First thing Joey said this morning after waking up was, “I slept really good.  I had this awesome dream that I defeated a Jedi.”

And I was like, “Aren’t Jedi good guys though?”

“Sometimes they go bad.  This one went bad and I defeated him.”

“Did you have a light saber?”

“No.  I didn’t need one, I used the Israeli Defense Force’s martial art, Krav Maga.”

“I don’t even know what that is,” I told him.

“It’s like Tae Kwon Do only you use it for street fighting. It’s awesome.” He said.

“That’s weird, ” I said.

Joey rolled over and said, “No, it’s not that weird.  Batman uses it in all the new movies.”

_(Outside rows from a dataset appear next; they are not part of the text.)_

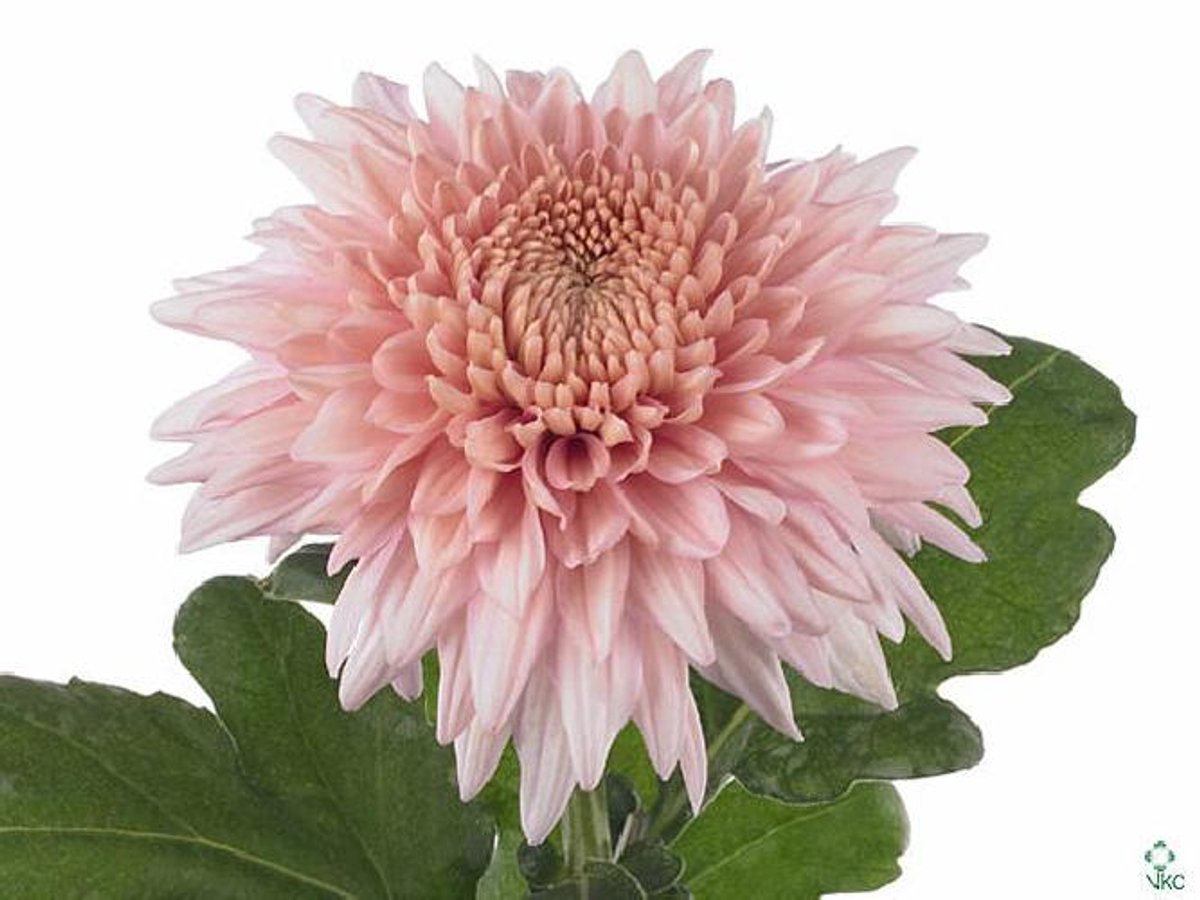 10x Chrysant mariëlle 80cm
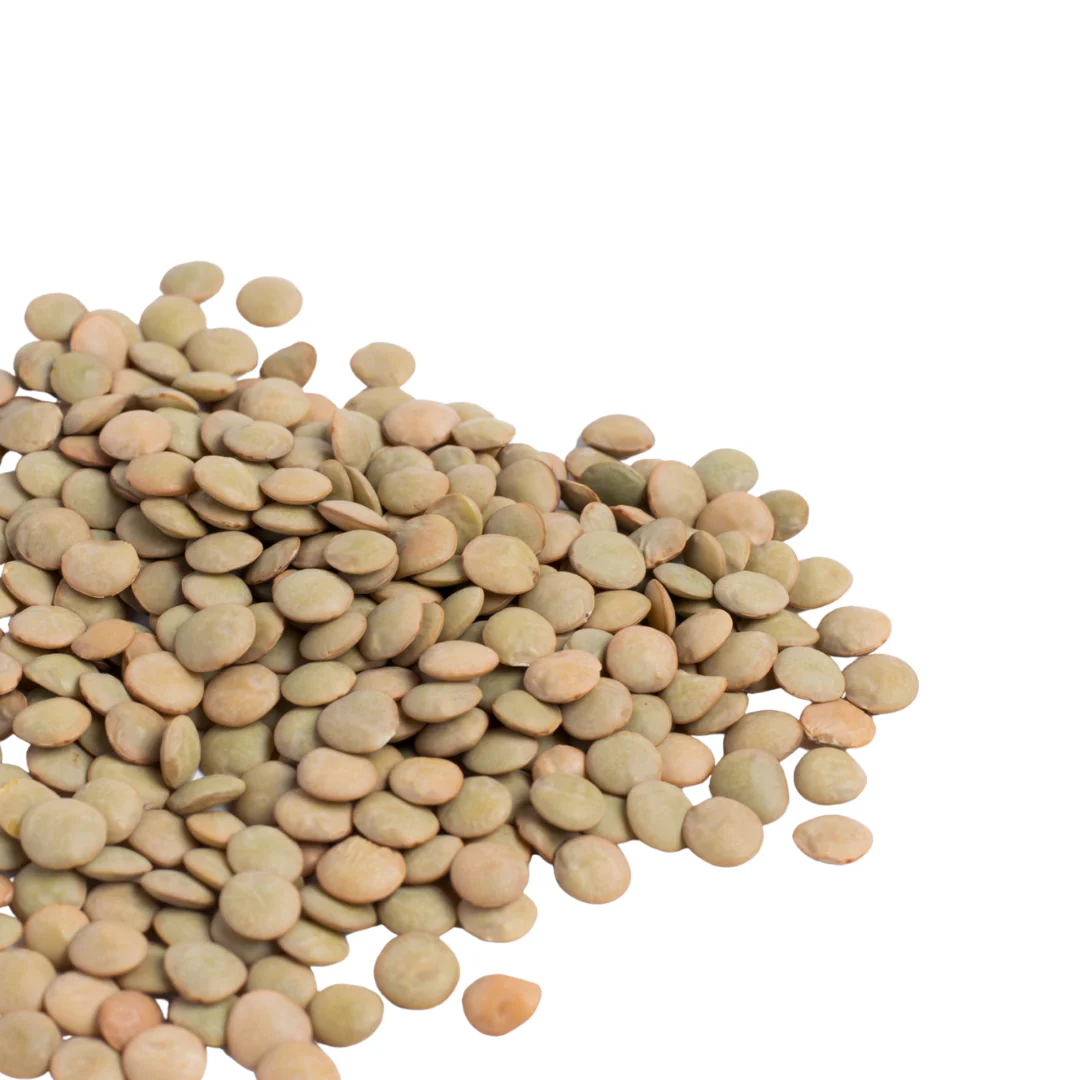 Organic Green Lentils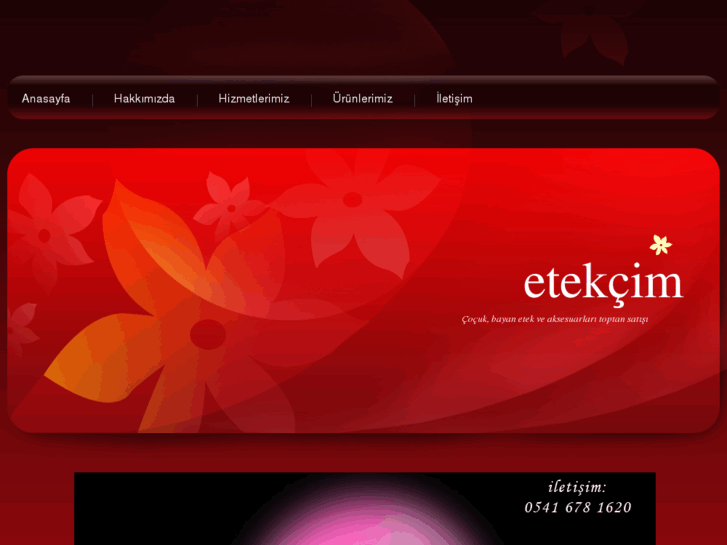 www.etekcim.com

I couldn’t help it.  I had to laugh.  ”So…you’re Batman.”

Joey made a frustrated growling noise and said, “I’m not Batman, I just defeated the Jedi using Krav Maga.”

“I’ve still never heard of that before, I think you made it up.  But if Jedis go bad, what’s the point of being Jedi; I thought they were good guys?  I would probably go bad if I was a Jedi.”

Joey heaved a large sigh.  ”FIRST of all, the plural of Jedi is JEDI; there is no S on it.  Second of all, if you became a Jedi you wouldn’t even have to go bad, you’d just go annoying.”

There you have it, Internet.  My husband says I’m annoying.